[ABOUT THIS TASK]
In the entries below, how many lines hold the word "will"? Answer with the number only.

___ MATERIAL FOR THIS EXERCISE

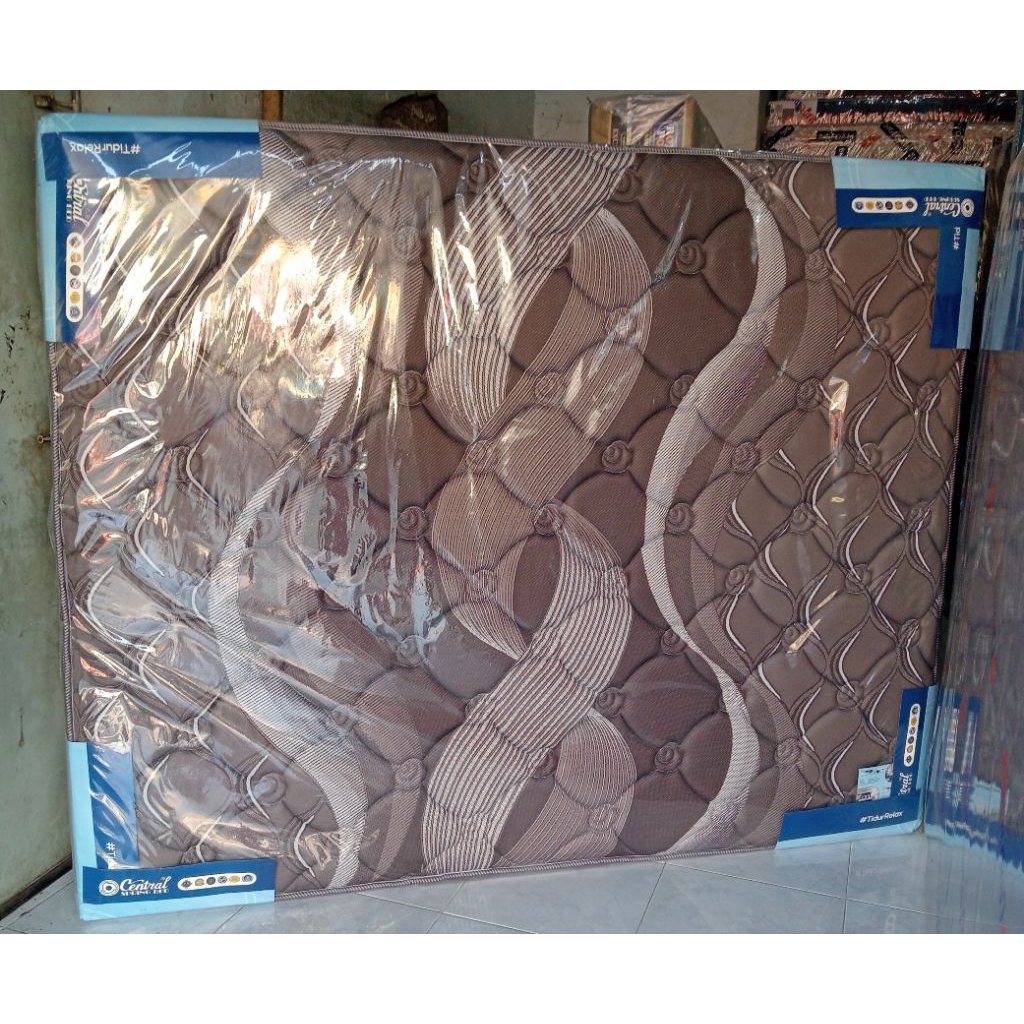 Springbed Central Deluxe Energy Coklat  160 x 200 x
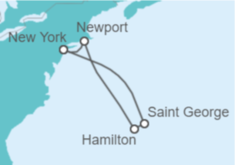 Itinerario del Crucero Bermudas - Oceania Cruises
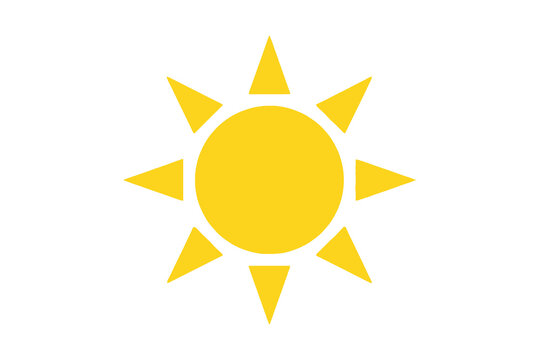 Yellow Sun Icon Vector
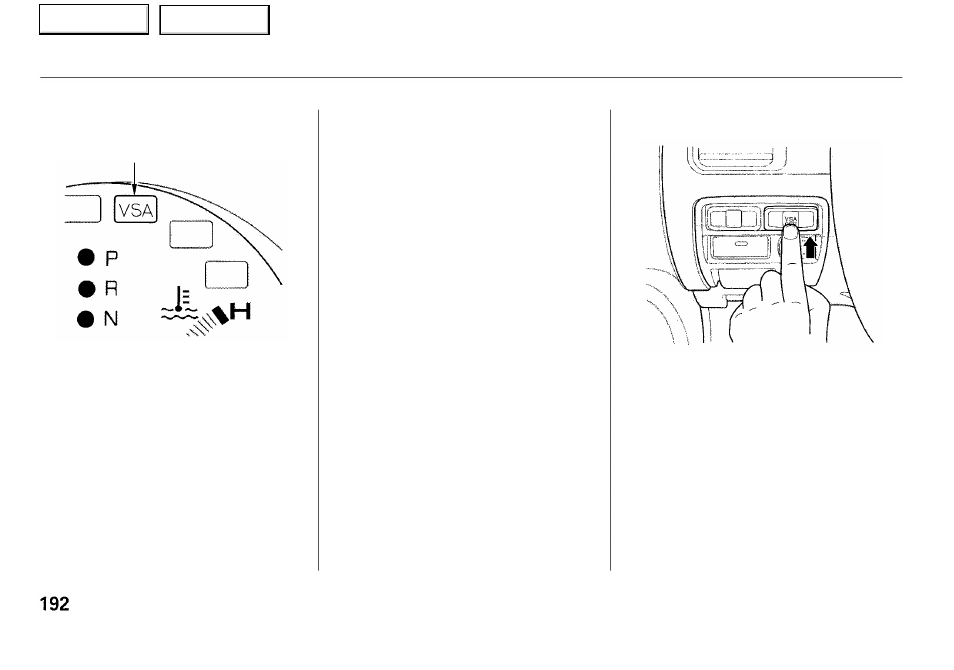 Vehicle stability assist (vsa) system | Acura 2001 RL - Owner's Manual User Manual | Page 195 / 333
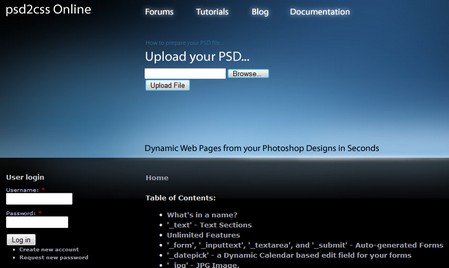Convertir ficheros PSD (Photoshop) en hojas de estilo CSS en PSD2CSS 1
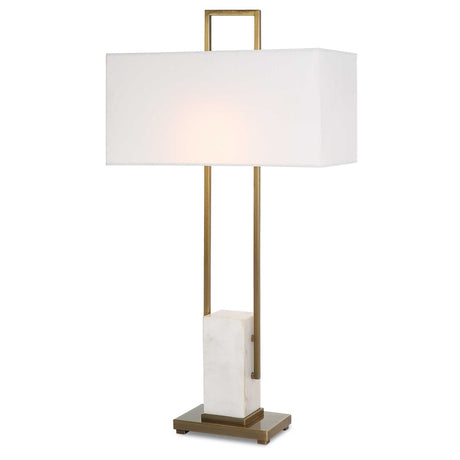 Column White Marble Table Lamp by Uttermost - View 1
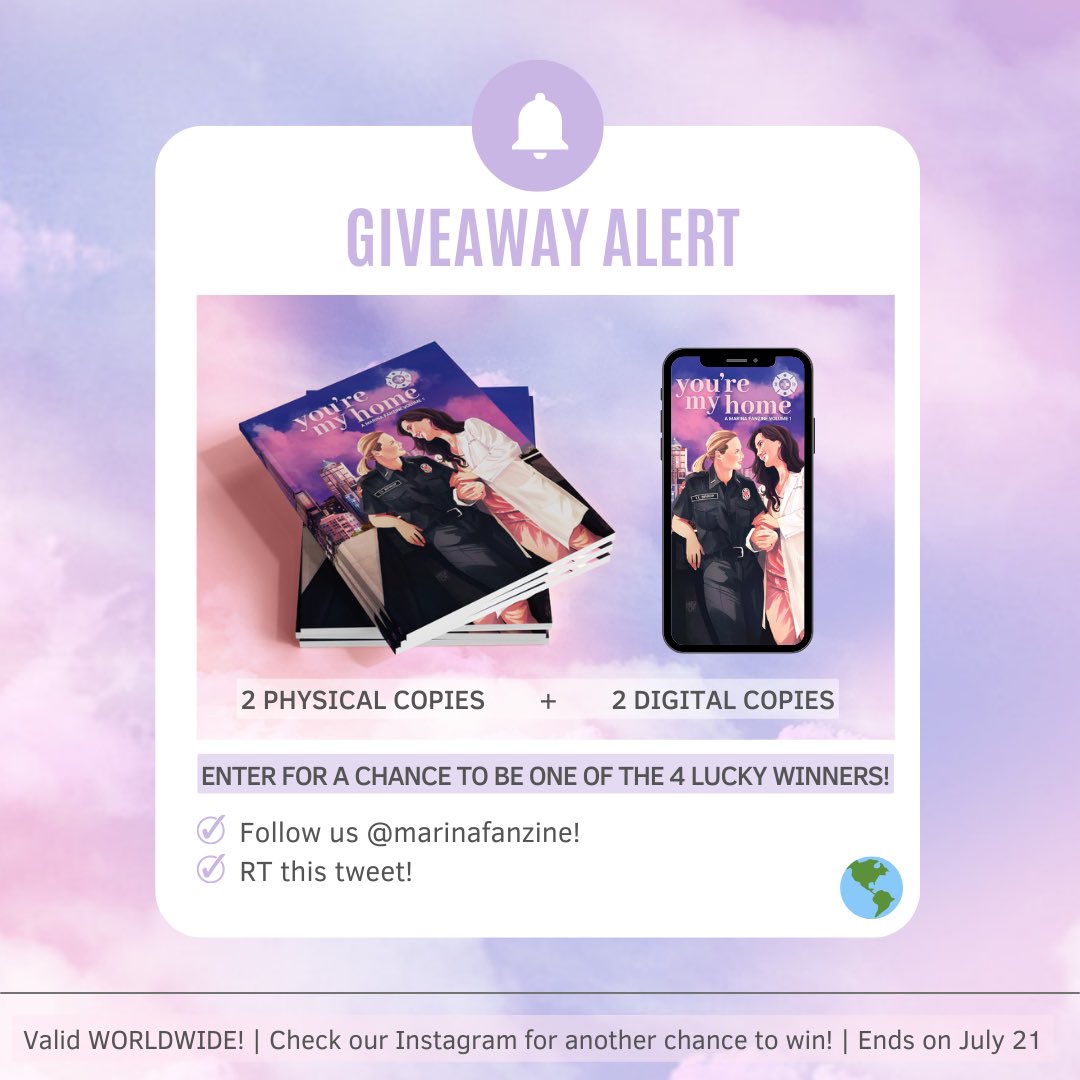 marinafanzine's tweet image. ✨WORLDWIDE GIVEAWAY✨ 

Follow us and RT this tweet for the chance to win one copy of the Marina Fanzine! 

There will be 4 winners — 2 will get a PDF copy of the zine and the other 2 will win a PHYSICAL copy!

Winners will be announced on 7/21.

Check the thread for more info!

______

[REPLY TO THE TASK]
2